Bell Curve
December 19, 2025

Fixing Crypto’s Broken Token Structures | Roundup

Crypto’s foundational structures are cracking. The industry's historical workaround for regulatory uncertainty—splitting projects into "Labs" (equity) and "DAO/Foundation" (token)—is now causing deep internal conflict and leaving token holders in the cold. This episode unpacks why this model is failing and what comes next for Web3's capital stack.
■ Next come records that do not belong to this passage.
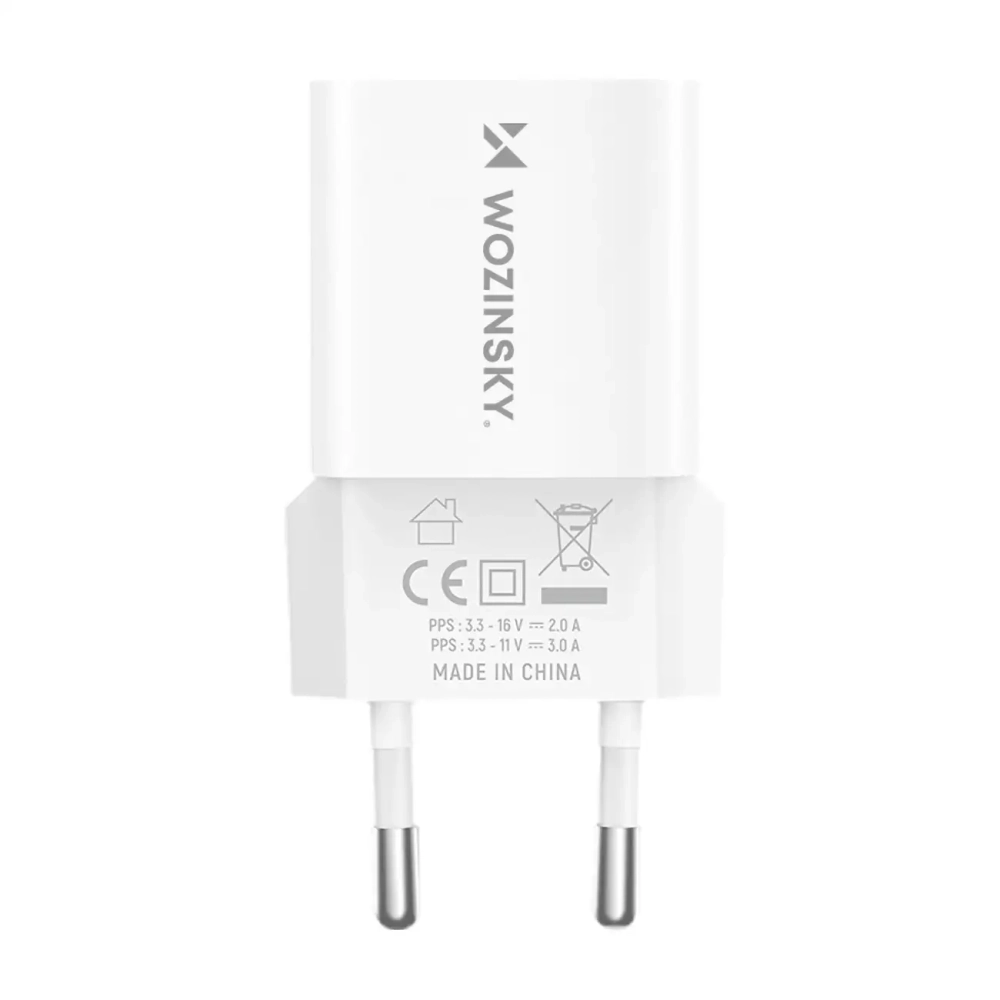 Wozinsky WWCEAC GaN USB-A USB-C 33W sienas lādētājs – balts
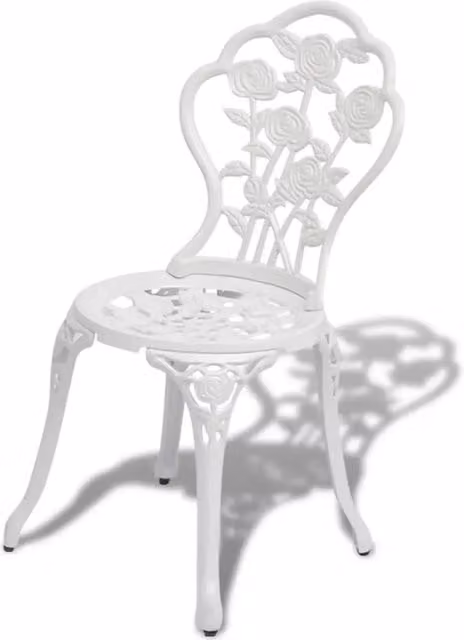 Set di 2 sedie da bistrot vidaXL in alluminio pressofuso bianco resistente alle intemperie per giardino, balcone e terrazza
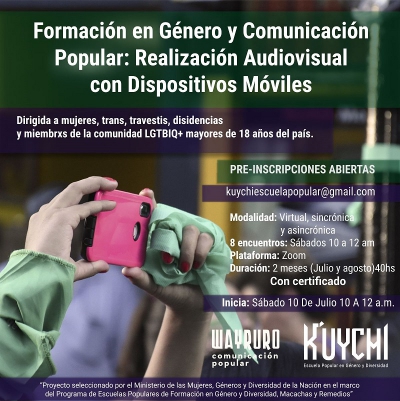 Formaci&oacute;n gratuita de Wayruro Comunicaci&oacute;n Popular: REALIZACI&Oacute;N AUDIOVISUAL con PERSPECTIVA DE G&Eacute;NERO
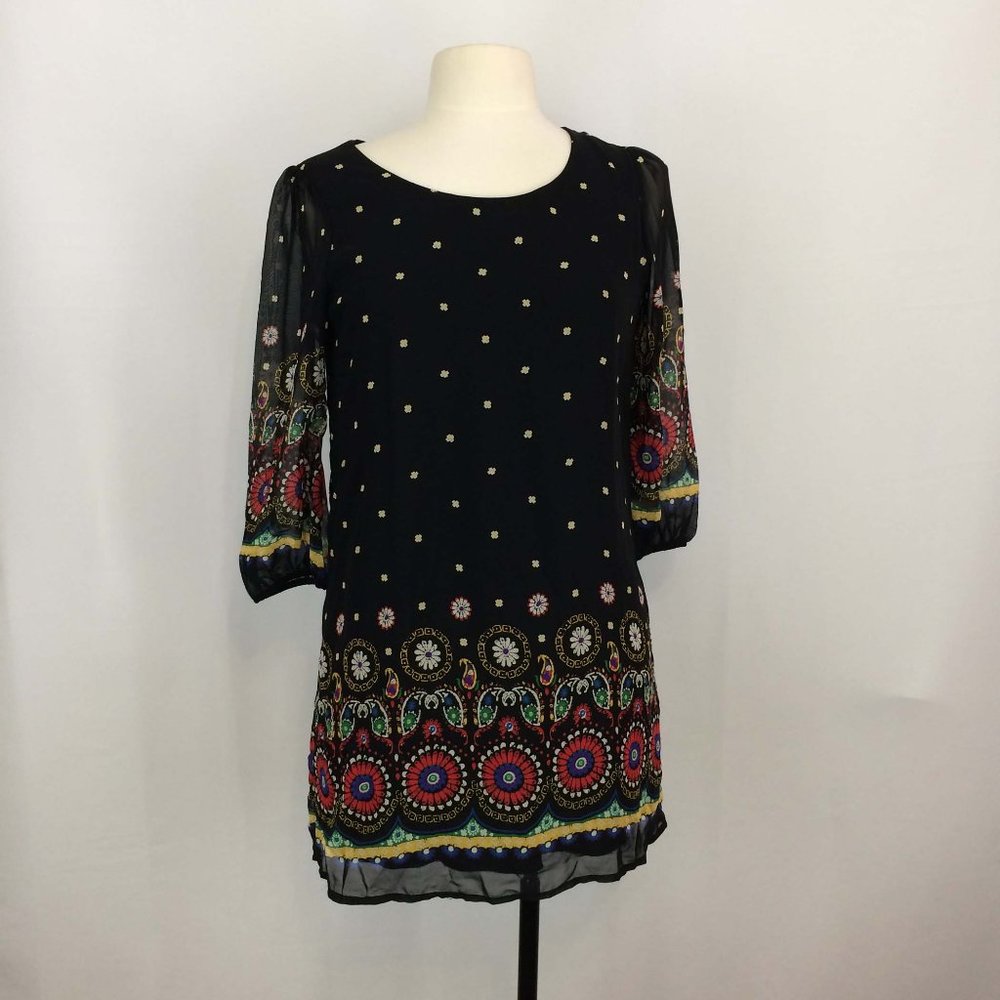 Million Bullpup Black Pattern Tunic Mini Dress,‎ S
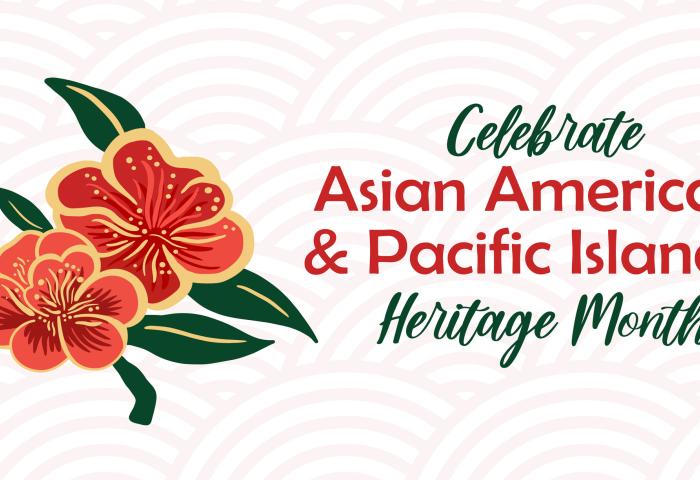 Asian American, Pacific Islander Heritage month vector banner with oriental wave pattern back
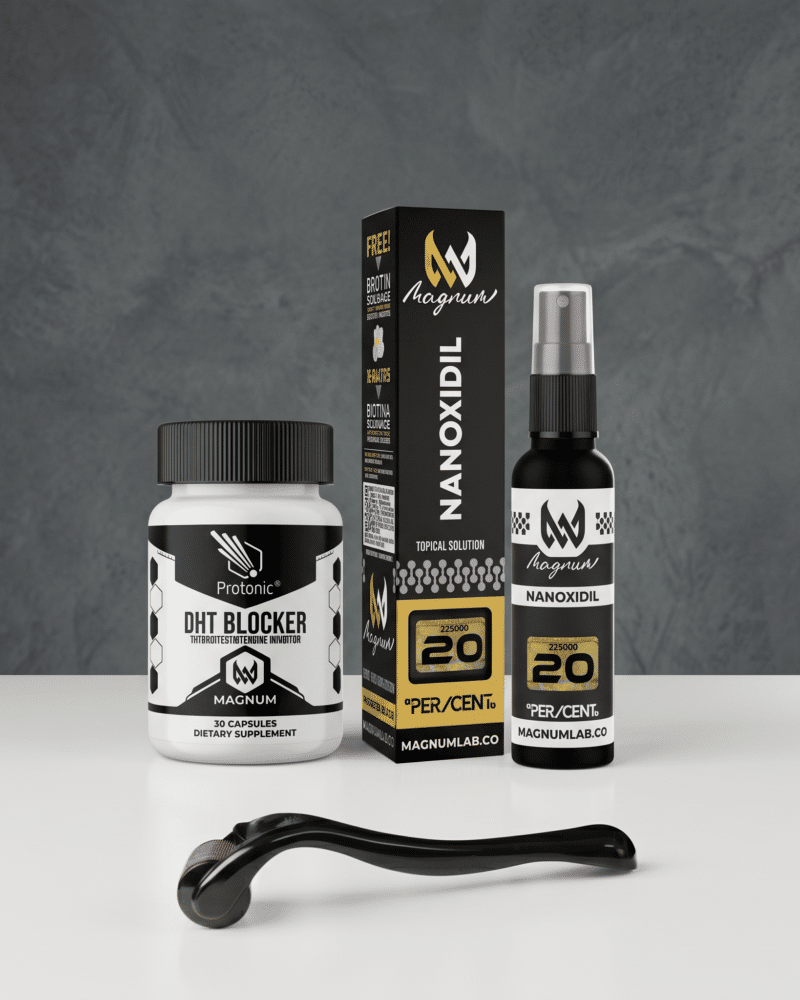 KIT CRECIMIENTO MÁXIMO — Nanoxidil + Dermaroller + DHT Blocker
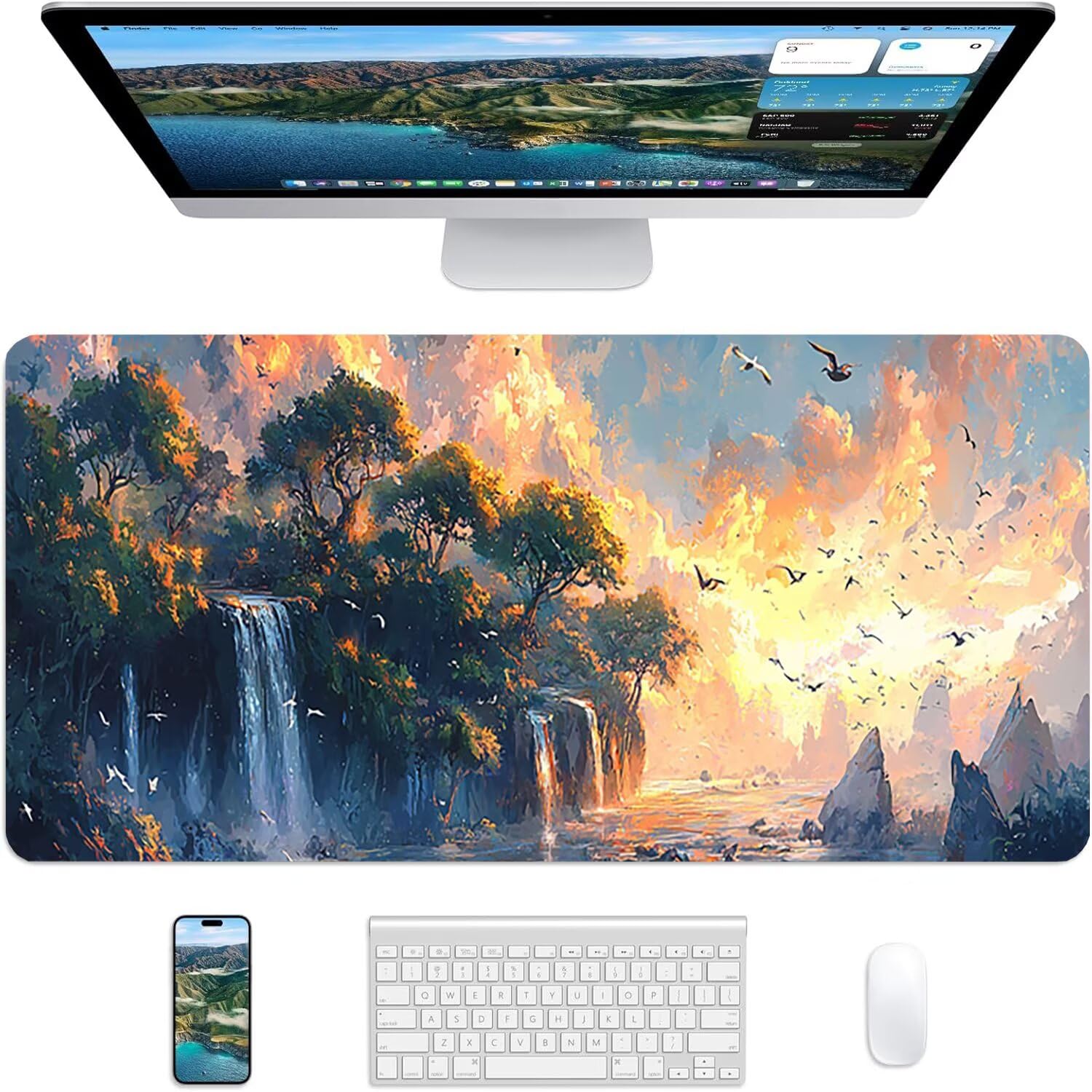 Generico Lejnlnng Tappetino Mouse Gaming XXL -160x80cm - Tramonto Tappetino Scrivania Grande, Mare Impermeabile Tappeto Mouse con Base in Gomma Antiscivolo, Mousepad XXL per Gaming e Ufficio JL-8164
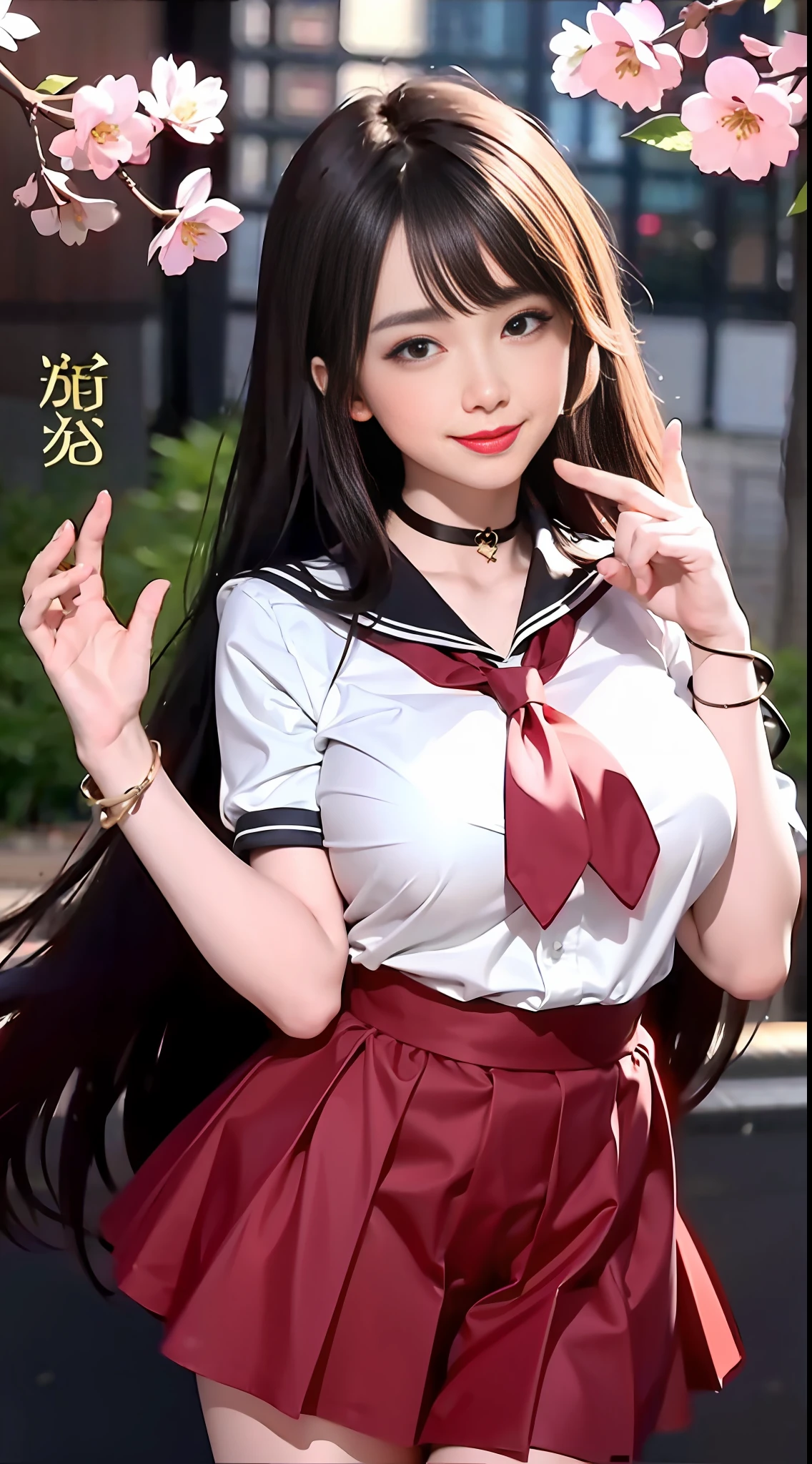 Masterpiece, Superb Piece, Full Body, 1girl, Bangs, Red Choker, Red Tie, Black Hair, Red Skirt, Blush, Bracelet, Beautiful Breast, Collared, Collared Shirt, Sailor Suit, Pierced Ears, Eyebrows Visible Through Hair, Gradient Hair, Grin, Gyaru, Jewelry, Kogal, Long Hair, Looking at the Audience, Loose Tie, Tie, Piercing, Sailor Skirt, Red Eyes, Ring, School Uniform, Smile, Solo, Street, Sky, Cherry Blossoms, Petals, Illustrations, (Magazine: 1.3), (Cover Style: 1.3), Fashion, Woman, Vitality, Dressing, Posing, Front, Colorful, Dynamic, Background, Element, Confident, Expressive, Holding, Statement, Attachment, Majestic, Coiled, Surround, Touch, Scene, Text, Cover, Bold, Eye-catching, Title, Fashion, Font, Catchy, Title, Bigger, Eye-catching, Modern, Fashionable, Focused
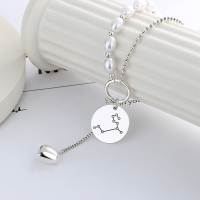 wholesale S925 Sterling Silver Retro Light Luxury Style Pearl Constellation Pattern Heart Tassel Necklace for Women-YFL257/approx. 12.8g 925 silver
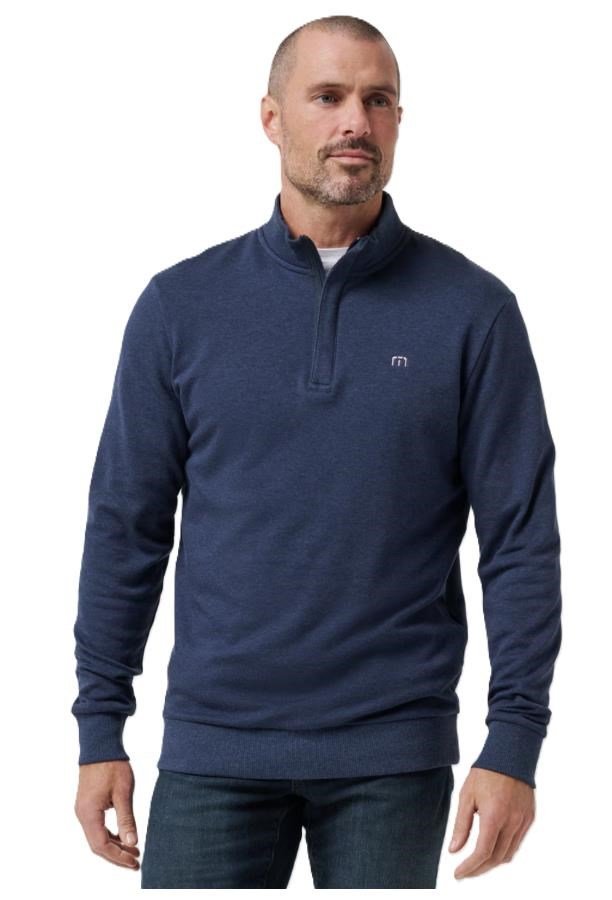 Travis Mathew CLOUD QUARTER ZIP 2.0 pull homme, heather blue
1. The Two-Headed Dragon: Misaligned Incentives

  • “When you invest in Aave or Axelar, you're expecting value to accrue to the thing you're investing in. You're not expecting value to accrue to two different things, and you're certainly not expecting value to just accrue to one entity which you don't have any sort of enforceability authority over.”
  • The Axelar Acquisition: Circle acquired Interop Labs, Axelar's core development team, but explicitly excluded the AXL token and network foundation. Token holders received no value, highlighting the stark reality of their subordinate position.
  • Aave's Internal Strife: Aave Labs rerouted swap fees from the DAO to its own entity, sparking public outrage. This demonstrates how operational decisions by the Labs team can directly impact token value, creating a zero-sum game between equity and token holders.
  • Operational Inefficiency: Running a fast-growing protocol with public DAO governance and legal firewalls between development and community is "impossible." This "decentralization theater" hinders agility and creates unnecessary obstacles.
  • Real-world Analogy: Imagine buying shares in a tech company, only to find out the core engineering team owns a separate company that captures all the revenue from new features, leaving your shares with no direct benefit from innovation.

2. The Gensler Era's Lingering Shadow

  • “There are very real infrastructure, legal, and regulatory reasons why a lot of these entities are set up in the way that they are. Uniswap and Aave are great examples... they just existed during the Gensler era.”
  • Regulatory Avoidance: Early crypto projects adopted complex structures (e.g., offshore foundations, firewalled teams) to avoid being classified as securities by the SEC. This was a defensive strategy, not an optimal business design.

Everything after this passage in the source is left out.